In DOSED: The Medication Generation Grows Up, Kaitlin Bell Barnett explores the history of mental health treatment for children and teens, and talks to the young adults who are dealing with the repercussions of the psychopharmacological revolution.
Though the effect of long-term medication use is often evaluated in a lab, the voices of the patients themselves are rarely heard. In DOSED, Bell Barnett, who at the age of seventeen began taking medication to treat her own depression, set out to document the personal accounts of young medicated patients. “Now that the first generation of medicated kids is entering adulthood,” she writes, “we have an invaluable opportunity to hear about their experiences with psychotropic drugs, and their assessment of those experiences.”
The book focuses on five case studies: Claire-whose story starts at age eleven -suffered from symptoms of depression and insomnia and had a family history of mental illness; Elizabeth-who is introduced at age twelve-is the child of a protracted divorce who is left without much supervision of her medication for depression and ADHD; Paul-whose story starts at age five-is caught up in the foster care system and an abundance of instability in his home life leads to him being heavily medicated for anger and hyperactivity issues; Caleb-whom the book introduces at age twelve-is an only child who was the victim of severe bullying at school which leads to post traumatic stress disorder and the later diagnosis of bipolar disorder; and Alex-introduced at age eighteen-who was emotionally abused by a step-parent and suffered a relapse of the OCD and depression that he had been diagnosed with as a child.

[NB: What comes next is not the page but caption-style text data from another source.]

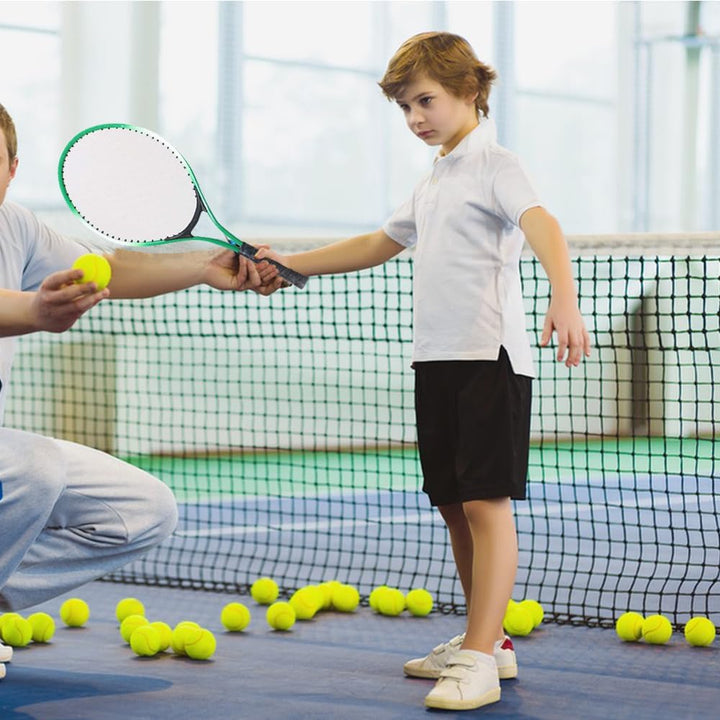 Kinder Tennisschläger, Langlebige Tennisschläger aus Eisenlegierung, Anfänger Übungsschläger mit Bal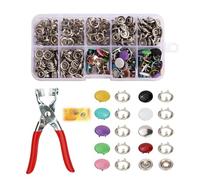 400Pcs Snap Button Fastener Kit, 5 Claw Metal Buckle Tool Set, Hollow and Solid Prong Snaps Buttons with Plier, Press Studs Without Sewing for Crafts Fabric DIY (Style 2)
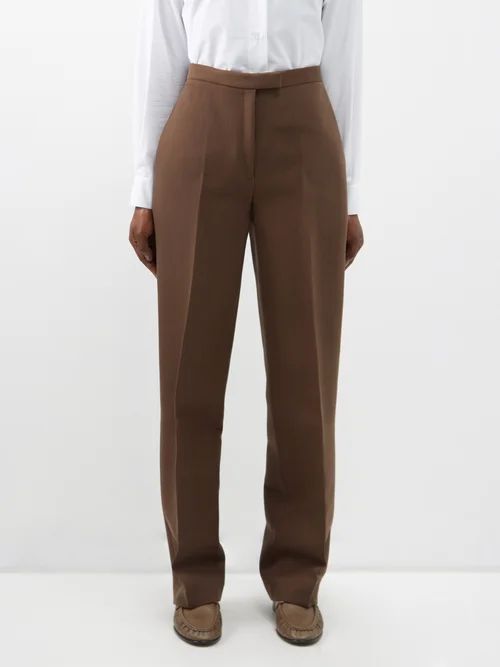 Elia Pleated Wool-blend Trousers - Womens - Taupe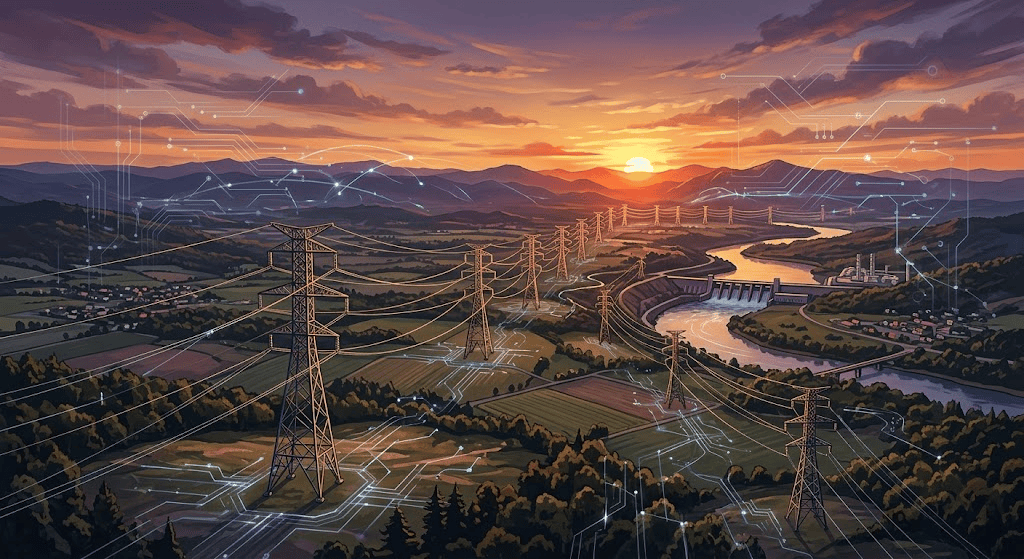 U.S. power grid infrastructure representing the assets the Cyber Intelligence Directorate DOE helps protect 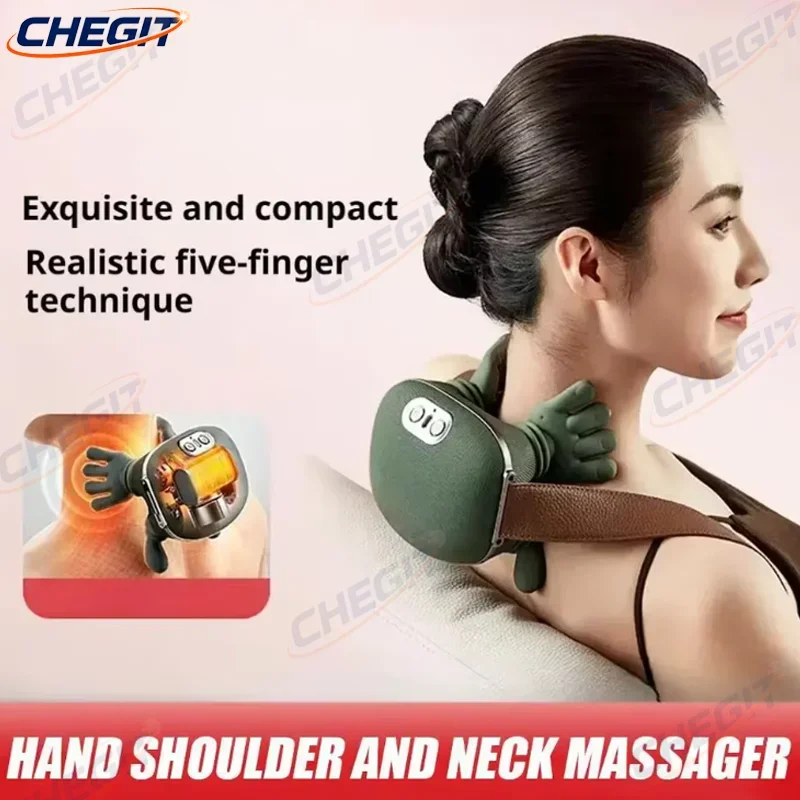 

4D Bionic Finger Neck Shoulder Massager Wireless Neck Cervical Trapezius Kneading Massage Shawl Brushless Motor Neck masajeador
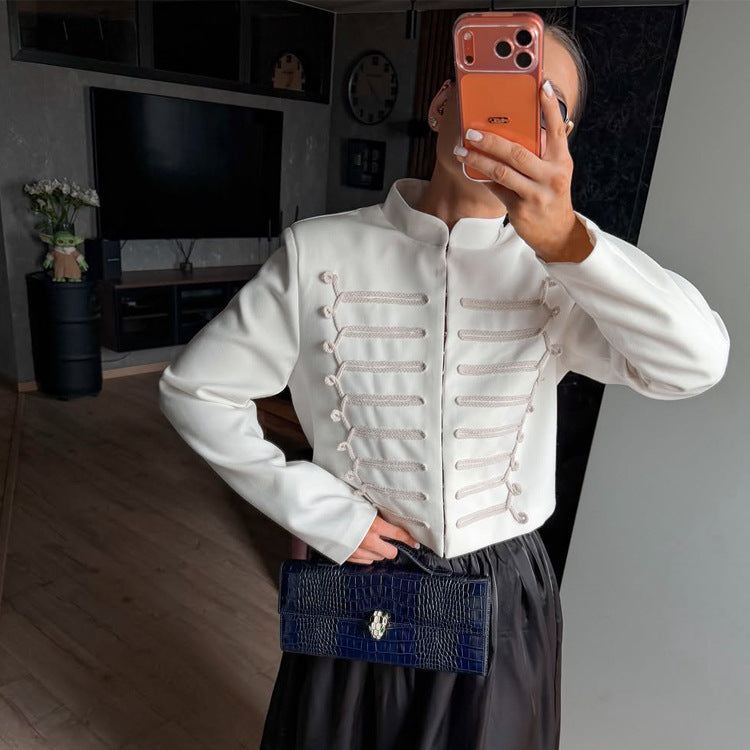 Women Cropped Military Blazer with Stand Collar and Decorative Cord Decoration Mune Fashion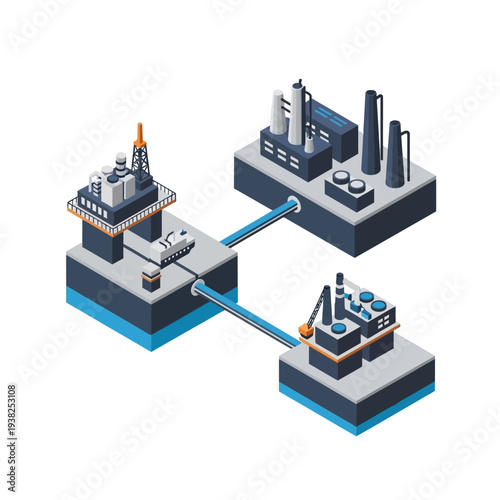 Isometric illustration of an offshore oil rig connected by pipelines to onshore industrial processing plants.
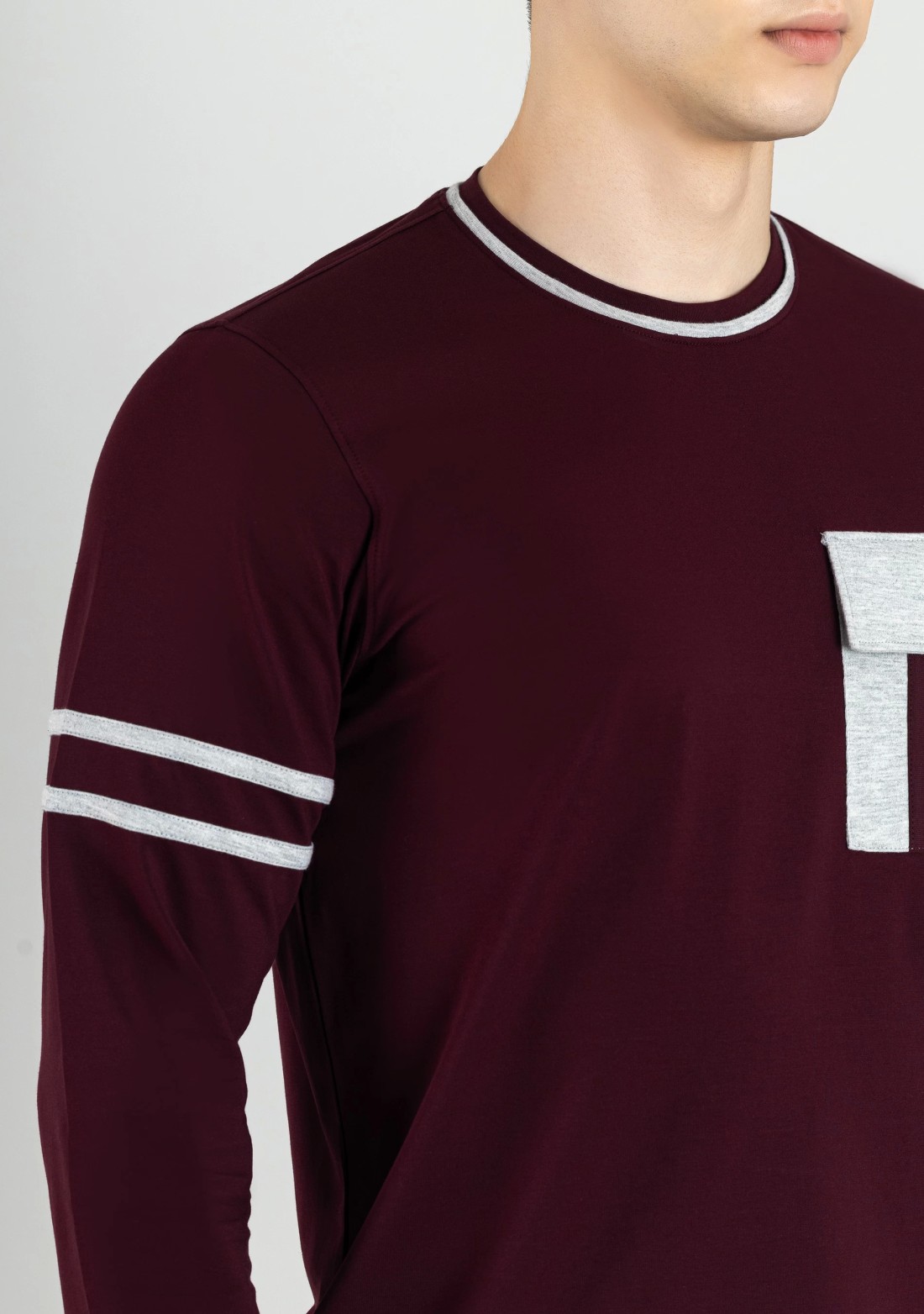 Maroon Regular Fit Men's Full Sleeves T-Shirt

Just as each mental illness brings with it its own difficulties and struggles, Bell Barnett reveals that each medication comes with long term consequences as well. Issues of self-identity, the pain of relapse, and physical side effects, ranging from diabetes and migraines to sexual difficulties and risks of birth defects for pregnant women, are all coming to light as this first generation of medicated kids comes of age.
About the author:
Kaitlin Bell Barnett is a freelance writer whose articles have appeared in numerous national and regional newspapers and magazines, including the Boston Globe, New York Observer, Atlanta-Journal Constitution, and Prevention Magazine. She lives in Brooklyn with her husband.